The program, Secure Communities, is touted as a key component of the Department of Homeland Security’s immigration enforcement strategy and has helped DHS set records for deportations and removals. The Obama administration plans to expand the program nationwide by 2013.

But the program’s success is tainted by criticisms at the local level, where law enforcement officials and immigrant rights advocates say it is expensive, distracts police from other duties, and unfairly nets undocumented people who did not commit crimes.

Worst of all, according to critics, local jurisdictions that do not want to participate in the program are unable to withdraw from it, even though the federal government originally said the program was voluntary.

A bill in Illinois, called The Smart Enforcement Act, would correct this problem, said sponsor Rep. Dan Burke.

“There should be a provision in these programs that local communities can opt out if they decide it’s not working in their best interest or it’s adding costs or there are unintended consequences,” said Burke, who represents a majority-Latino district in Southwest Chicago. “It seems like a very fair and reasonable solution to a problem that was brought up by our local sheriffs and communities.”

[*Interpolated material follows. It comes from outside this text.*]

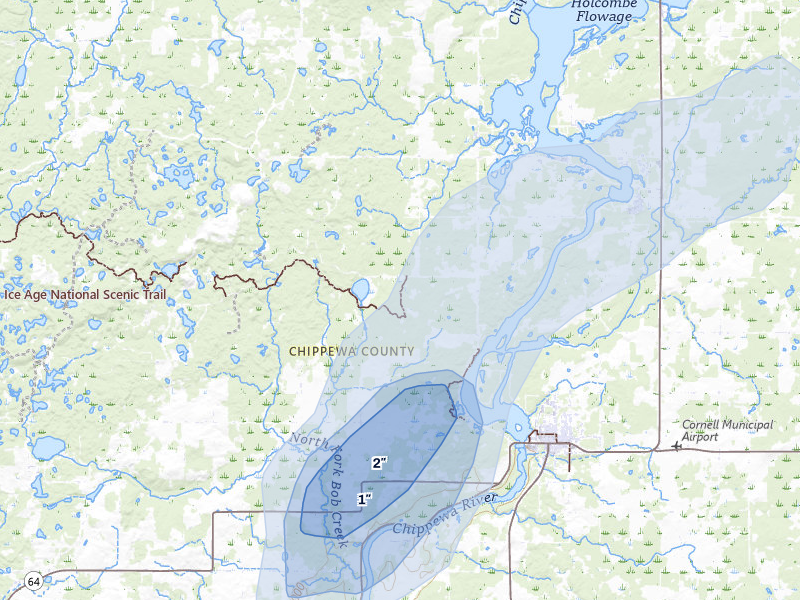 NEXRAD radar-signature map of the hail storm over Cornell, WI on Jun 5, 2026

Secure Communities is a finger-print sharing system, which allows the Department of Homeland Security to run prints taken from local police through databases to check for immigration status. Police routinely take fingerprints after arrests, then submit them to the Federal Bureau of Investigation for background checks.

The Smart Enforcement Act, like a similar bill in California, would allow counties to opt-out of the program, or block fingerprint-sharing with immigration enforcement agencies.